▸ INPUT
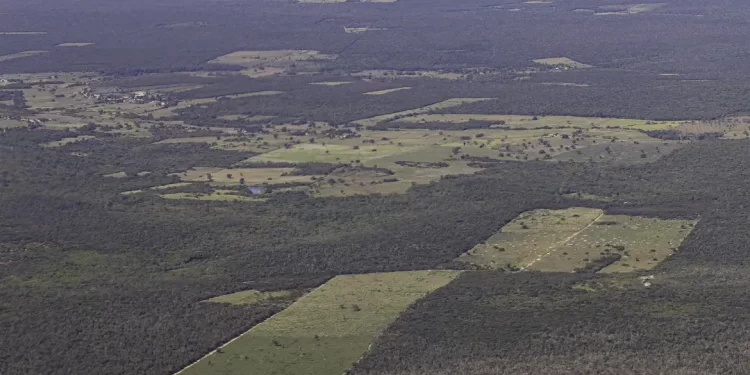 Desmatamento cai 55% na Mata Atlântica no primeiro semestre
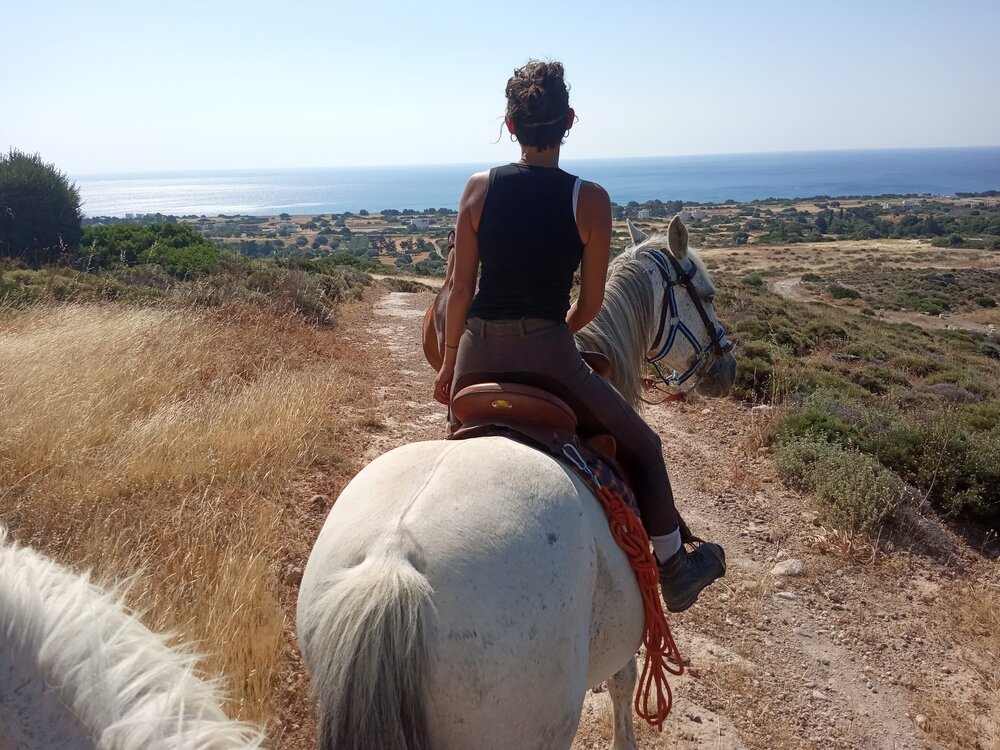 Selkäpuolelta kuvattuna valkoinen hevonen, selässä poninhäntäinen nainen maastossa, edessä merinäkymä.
---
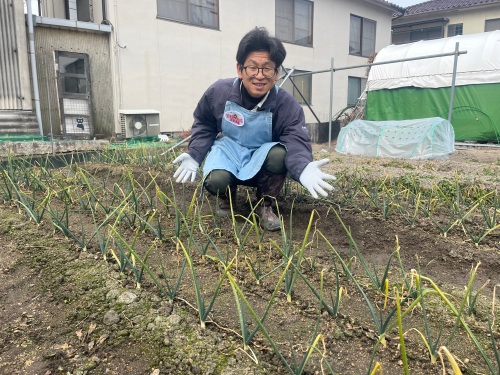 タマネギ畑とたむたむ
---
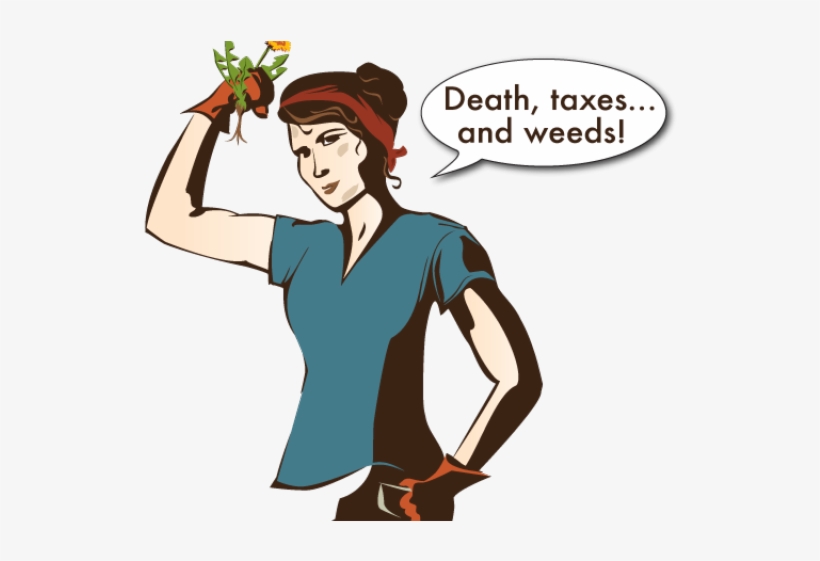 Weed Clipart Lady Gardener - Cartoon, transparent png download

▸ EXERCISE DIRECTIONS
Range to print from the listing above: from the line with "Desmatamento cai 55%" up to and including the line with "Selkäpuolelta kuvattuna valkoinen". Please print those lines exactly, with no pictures and nothing more.

▸ THE COMPLETED TASK
 Desmatamento cai 55% na Mata Atlântica no primeiro semestre
 Selkäpuolelta kuvattuna valkoinen hevonen, selässä poninhäntäinen nainen maastossa, edessä merinäkymä.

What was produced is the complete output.